— The problem —
What do the lines from the one containing "1970 Better Homes" through the end of the listing below say? Restate them word for word and give nothing else.

....................

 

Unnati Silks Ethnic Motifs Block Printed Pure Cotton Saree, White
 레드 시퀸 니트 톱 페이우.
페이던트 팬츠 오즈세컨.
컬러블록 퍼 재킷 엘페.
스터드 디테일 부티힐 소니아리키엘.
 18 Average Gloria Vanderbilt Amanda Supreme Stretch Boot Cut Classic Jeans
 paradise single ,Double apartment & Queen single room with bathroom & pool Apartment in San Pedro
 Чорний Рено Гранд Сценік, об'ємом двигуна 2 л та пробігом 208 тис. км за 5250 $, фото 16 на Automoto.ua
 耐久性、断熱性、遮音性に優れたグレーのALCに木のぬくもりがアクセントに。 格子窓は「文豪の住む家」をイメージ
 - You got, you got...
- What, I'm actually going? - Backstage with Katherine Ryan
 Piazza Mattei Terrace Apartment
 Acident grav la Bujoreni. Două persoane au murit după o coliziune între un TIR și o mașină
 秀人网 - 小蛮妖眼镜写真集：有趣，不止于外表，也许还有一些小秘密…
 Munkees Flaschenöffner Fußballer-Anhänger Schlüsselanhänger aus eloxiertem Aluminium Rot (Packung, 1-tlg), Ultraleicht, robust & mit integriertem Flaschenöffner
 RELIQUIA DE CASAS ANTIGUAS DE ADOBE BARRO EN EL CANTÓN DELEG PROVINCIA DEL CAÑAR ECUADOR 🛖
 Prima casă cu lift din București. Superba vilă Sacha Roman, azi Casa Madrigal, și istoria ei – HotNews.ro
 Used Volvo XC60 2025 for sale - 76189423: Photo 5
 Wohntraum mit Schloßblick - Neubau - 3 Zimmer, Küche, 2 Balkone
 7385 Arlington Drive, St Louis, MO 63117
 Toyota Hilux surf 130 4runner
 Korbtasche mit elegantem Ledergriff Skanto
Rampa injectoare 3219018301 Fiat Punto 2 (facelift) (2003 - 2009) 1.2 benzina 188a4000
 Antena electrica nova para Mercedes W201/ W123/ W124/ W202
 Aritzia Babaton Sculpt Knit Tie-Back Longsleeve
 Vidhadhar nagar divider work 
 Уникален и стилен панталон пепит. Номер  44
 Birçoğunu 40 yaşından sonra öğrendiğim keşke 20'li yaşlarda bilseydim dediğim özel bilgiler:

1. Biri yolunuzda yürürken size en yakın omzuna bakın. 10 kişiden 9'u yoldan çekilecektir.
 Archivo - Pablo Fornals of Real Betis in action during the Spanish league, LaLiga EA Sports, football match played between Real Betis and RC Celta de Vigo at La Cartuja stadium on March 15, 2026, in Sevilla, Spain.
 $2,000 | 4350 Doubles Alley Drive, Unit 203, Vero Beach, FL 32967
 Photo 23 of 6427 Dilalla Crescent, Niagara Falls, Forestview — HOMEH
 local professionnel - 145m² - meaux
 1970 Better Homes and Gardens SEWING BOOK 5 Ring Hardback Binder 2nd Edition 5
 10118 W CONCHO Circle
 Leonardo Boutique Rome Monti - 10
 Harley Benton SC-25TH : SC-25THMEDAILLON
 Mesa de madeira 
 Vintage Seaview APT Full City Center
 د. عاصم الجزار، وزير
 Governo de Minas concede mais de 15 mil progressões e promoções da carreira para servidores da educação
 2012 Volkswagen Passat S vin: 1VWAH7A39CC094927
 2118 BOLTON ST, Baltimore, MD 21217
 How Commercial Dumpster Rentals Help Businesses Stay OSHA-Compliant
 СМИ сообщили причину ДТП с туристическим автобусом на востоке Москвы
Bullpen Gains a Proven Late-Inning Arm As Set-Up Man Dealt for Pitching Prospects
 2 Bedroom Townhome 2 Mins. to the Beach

....................

— Exercise answer —
 1970 Better Homes and Gardens SEWING BOOK 5 Ring Hardback Binder 2nd Edition 5
 10118 W CONCHO Circle
 Leonardo Boutique Rome Monti - 10
 Harley Benton SC-25TH : SC-25THMEDAILLON
 Mesa de madeira 
 Vintage Seaview APT Full City Center
 د. عاصم الجزار، وزير
 Governo de Minas concede mais de 15 mil progressões e promoções da carreira para servidores da educação
 2012 Volkswagen Passat S vin: 1VWAH7A39CC094927
 2118 BOLTON ST, Baltimore, MD 21217
 How Commercial Dumpster Rentals Help Businesses Stay OSHA-Compliant
 СМИ сообщили причину ДТП с туристическим автобусом на востоке Москвы
Bullpen Gains a Proven Late-Inning Arm As Set-Up Man Dealt for Pitching Prospects
 2 Bedroom Townhome 2 Mins. to the Beach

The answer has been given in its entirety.